Given a polynomial \(p(x) = a_0+a_1x+\cdots + a_nx_n\text{,}\) we define \(p(A)\) as
\begin{equation*}
p(A) = a_0I+a_1A+\cdots + a_nA^n\text{.}
\end{equation*}
(Note the presence of the identity matrix in the first term, since it does not make sense to add a scalar to a matrix.) Note further that since \((P^{-1}AP)^n = P^{-1}A^nP\) for any invertible matrix \(P\) and positive integer \(n\text{,}\) we have \(p(U^HAU)=U^Hp(A)U\) for any polynomial \(p\) and unitary matrix \(U\text{.}\)
Theorem 4.4.16.
Let \(A\) be an \(n\times n\) complex matrix, and let \(c_A(x)\) denote the characteristic polynomial of \(A\text{.}\) Then we have \(c_A(A)=0\text{.}\)
Proof.
By
Theorem 4.4.15, there exists a unitary matrix
\(U\) such that
\(A = UTU^H\text{,}\) where
\(T\) is upper triangular, and has the eigenvalues of
\(A\) as diagonal entries.
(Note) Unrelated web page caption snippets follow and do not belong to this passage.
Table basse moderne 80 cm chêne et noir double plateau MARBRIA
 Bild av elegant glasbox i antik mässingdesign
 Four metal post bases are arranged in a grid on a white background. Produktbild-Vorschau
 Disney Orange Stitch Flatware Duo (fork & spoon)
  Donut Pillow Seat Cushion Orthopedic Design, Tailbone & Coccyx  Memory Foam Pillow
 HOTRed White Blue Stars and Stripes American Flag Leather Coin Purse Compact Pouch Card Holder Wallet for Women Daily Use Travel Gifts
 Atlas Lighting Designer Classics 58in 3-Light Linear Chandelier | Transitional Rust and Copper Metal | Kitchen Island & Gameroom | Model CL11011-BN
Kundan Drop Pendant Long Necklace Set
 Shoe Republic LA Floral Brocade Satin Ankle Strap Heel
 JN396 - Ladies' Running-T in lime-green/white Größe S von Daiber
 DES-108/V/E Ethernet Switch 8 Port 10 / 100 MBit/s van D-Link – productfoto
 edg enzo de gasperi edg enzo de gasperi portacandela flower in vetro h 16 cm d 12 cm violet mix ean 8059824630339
Since
\(c_A(A)=c_A(UTU^H)=Uc_A(T)U^H\text{,}\) and
\(c_A(x)=c_T(x)\) (since
\(A\) and
\(T\) are similar) it suffices to show that
\(c_A(A)=0\) when
\(A\) is upper-triangular. (If you like, we are showing that
\(C_T(T)=0\text{,}\) and deducing that
\(c_A(A)=0\text{.}\)) But if
\(A\) is upper-triangular, so is
\(xI_A\text{,}\) and therefore,
\(\det(xI-A)\) is just the product of the diagonal entries. That is,
\begin{equation*}
c_A(x) = (x-\lambda_1)(x-\lambda_2)\cdots (x-\lambda_n)\text{,}
\end{equation*}
so
\begin{equation*}
c_A(A) = (A-\lambda_1I)(A-\lambda_2I)\cdots (A-\lambda_nI)\text{.}
\end{equation*}
Since the first column of \(A\) is \(\bbm \lambda_1\amp 0 \amp \cdots \amp 0\ebm^T\text{,}\) the first column of \(A-\lambda_1I\) is identically zero. The second column of \(A-\lambda_2I\) similarly has the form \(\bbm k\amp 0\amp\cdots\amp 0\ebm\) for some number \(k\text{.}\)
It follows that the first two columns of \((A-\lambda_1I)(A-\lambda_2I)\) are identically zero. Since only the first two entries in the third column of \((A-\lambda_3I)\) can be nonzero, we find that the first three columns of \((A-\lambda_1I)(A-\lambda_2I)(A-\lambda_3I)\) are zero, and so on.